◆ Problem to work on
Every line of the listing that follows must be written out unchanged.

◆ Collected data
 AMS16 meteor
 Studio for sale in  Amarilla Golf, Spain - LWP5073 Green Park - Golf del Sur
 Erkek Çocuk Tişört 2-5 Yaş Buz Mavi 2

◆ Final answer
 AMS16 meteor
 Studio for sale in  Amarilla Golf, Spain - LWP5073 Green Park - Golf del Sur
 Erkek Çocuk Tişört 2-5 Yaş Buz Mavi 2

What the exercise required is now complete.